Como era relativamente previsible, el Gabinete del Solar obtuvo finalmente el voto de confianza del Pleno del Congreso de la República. 77 representantes, 33 fujimoristas entre ellos, por amplia mayoría, decidieron mantener sin cambios sustanciales la situación política del país. Esto es, por un lado, un Parlamento mayoritariamente comprometido con algo tan elemental como la protección de sus intereses privados, es decir, el sueldo y la impunidad de sus actos; del otro, un Ejecutivo, más precisamente un mandatario, decidido a durar hasta el 2021, que encontró en las propuestas de reforma judicial y política, los instrumentos que de alguna manera lo acercan a la gente, a pesar de su incapacidad para gobernar. En el camino, las últimas dos semanas, ambos bandos se dijeron vela verde, teniendo como telón de fondo los análisis para todos los gustos que se hicieron sobre la constitucionalidad de la decisión del Ejecutivo.
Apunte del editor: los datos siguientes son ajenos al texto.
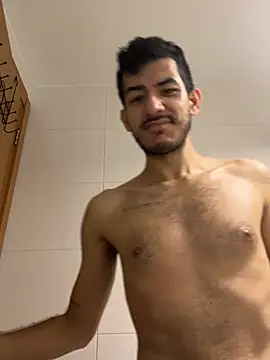 vinihfeh online show from 01/31/26, 10:41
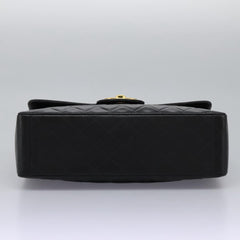 Chanel Jumbo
Las acusaciones y los gestos estuvieron a la orden del día. El desgaste en ambos sectores también. El fujimorismo, más allá de «perder» dos congresistas, aunque no logra esconder su desorden, golpeó a la Presidencia de ese poder, bloqueando la renovación de la composición de las comisiones y aprobando el pedido de su sanción, mostrando sus posibles nuevas cartas para mantener el control del Parlamento: los congresistas García Belaúnde, Sheput e Iberico. El Premier tuvo que retroceder en su tono inicialmente beligerante, pero también se vio obligado a aceptar una confianza menos altisonante de la que pretendía. El mandatario, que finalmente se dijo y se desdijo, pero eso no es novedad, se encontró nuevamente con la «lealtad» de sus congresistas Aráoz y Bruce, además de empezar a constatar que, con la cuestión de confianza, puede pasar como en el vals, y toda repetición terminar siendo una ofensa.
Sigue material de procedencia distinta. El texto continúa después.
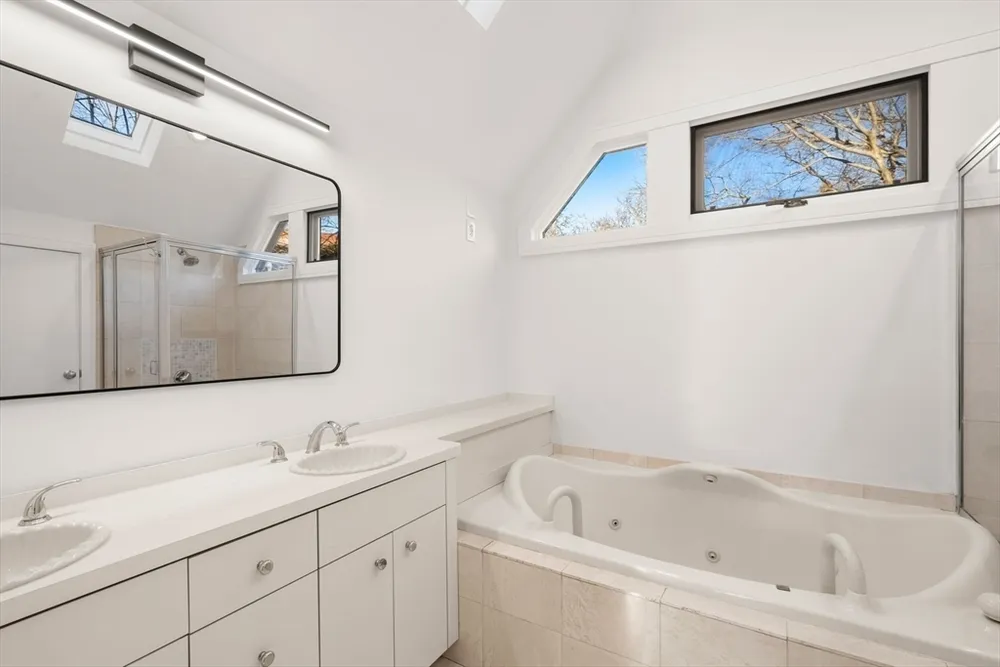 241 Perkins St, Boston, MA 02130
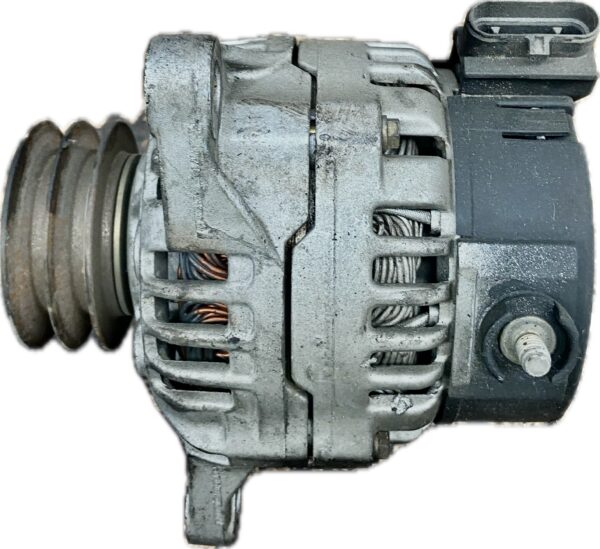 alternador_0986042580_man_man_man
Sancionada la confianza, que le permite a la mayoría de actores de esta larga película, sentirse victoriosos una vez más, y lo son porque en sentido estricto nada se mueve, el país formal respirará tranquilo unas semanas más, confiando en el apaciguamiento de los ánimos y en la distensión de la polarización. Los más entusiastas, hasta esperarán el funcionamiento del principio de la lealtad constitucional y el compromiso con el bienestar general. Pronto, sin embargo, volverán a la cruda realidad, porque es evidente que esos 77 votos distan mucho de ser un compromiso con los proyectos del Ejecutivo y su «esencia». Es más, con su decisión se han asegurado que así se llegue al cierre constitucional del Congreso no habrá reforma para el 2021, dado que serían necesarias nuevas elecciones parlamentarias (con las normas actuales, además) y la instalación de otro Legislativo, venciéndose los plazos para las reformas constitucionales.
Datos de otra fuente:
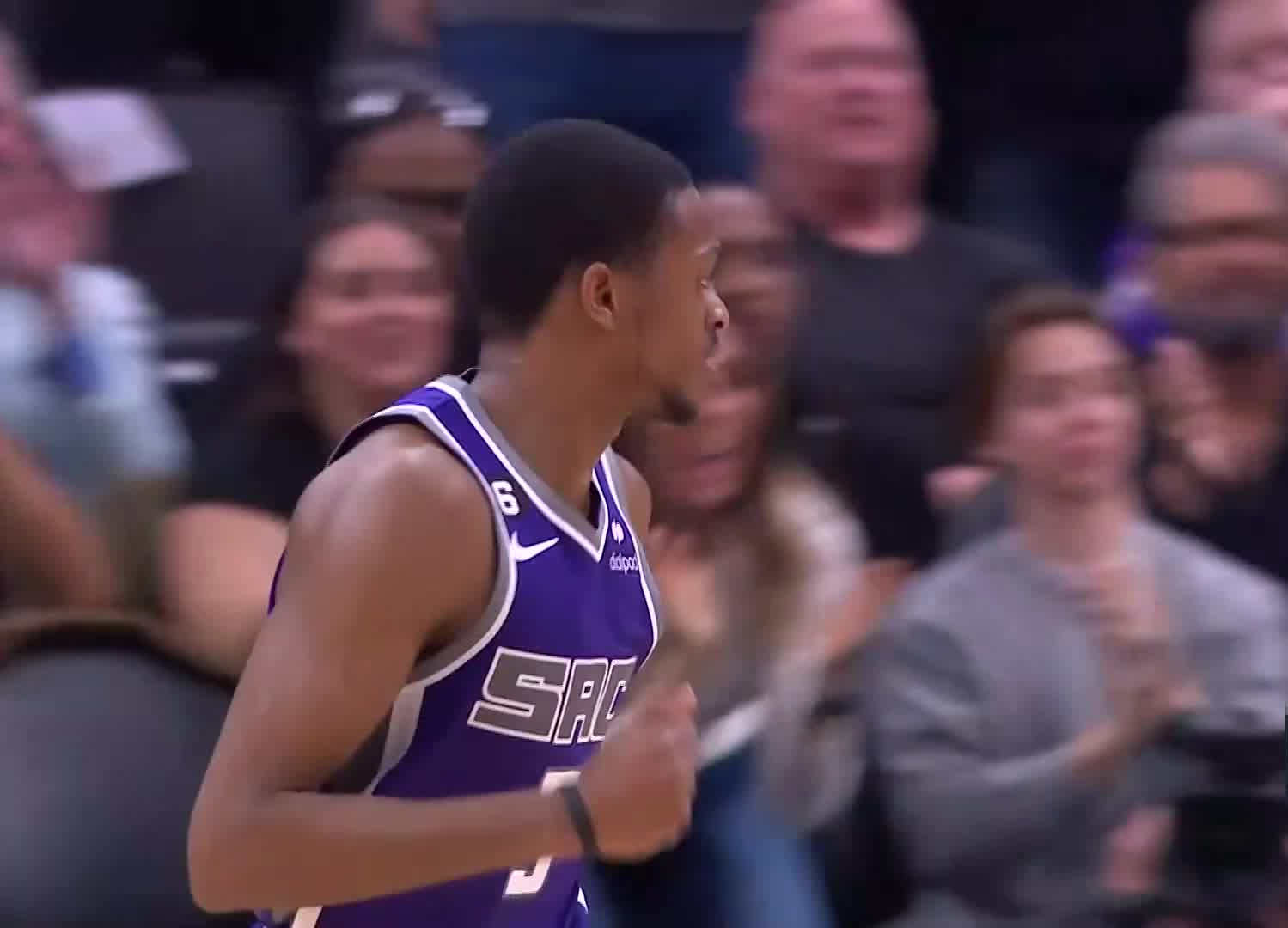 Sacramento Kings at Portland Trail Blazers 03/31/2023 Picks & Preview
Asustados aún por el control de daños al que los obliga Lava Jato, los gremios empresariales evaden pronunciarse claramente sobre el enfrentamiento entre ambos bandos; reconocen a regañadientes la necesidad de la reforma y reivindican simultáneamente la autonomía y la competencia del Congreso. Como siempre pragmáticos y claros en sus intereses, en el río revuelto de la conflictividad Ejecutivo-Legislativo, exigen las «pruebas de amor» de ambos bandos: mantener sus ventajas tributarias, más flexibilidad laboral y ahora, la aprobación final de Tía María.
Mientras tanto, la calle, que es el arma del país real, dejada de lado tras su manifestación en enero para empujar la destitución de Chávarry, pasó la última quincena observando el espectáculo que le brindaron la mayoría de políticos realmente existentes. Su desconfianza hacia ellos, más ampliamente a la política, reforzó sus razones y argumentos. En la vida cotidiana volvió a oírse el «que se vayan todos», mientras propuestas incipientes sobre «adelanto de elecciones generales» y Asamblea Constituyente empezaron a asomar tímidamente, sin encontrarse aún con los malestares que movilizan a la gente las últimas semanas: los peajes, la atención de la salud, la situación del empleo.
Así las cosas, el margen de acción en los espacios institucionales es claramente reducido y de baja intensidad. Se ha frenado por un rato a los sectores más autoritarios y conservadores del Congreso y se ha postergado por unas semanas «la pechada» como la forma principal de relación política. Los actores mayoritarios de la escena oficial tendrán que improvisar un nuevo libreto para mantener la atención de la gente sobre una conflictividad cada vez más desgastada por reiterativa y sin salida posible, mientras quiénes parecen pugnar por los cambios, tienen que entender que éstos sólo serán posibles si ganan la calle y se encuentran con los intereses y las demandas que la mueven.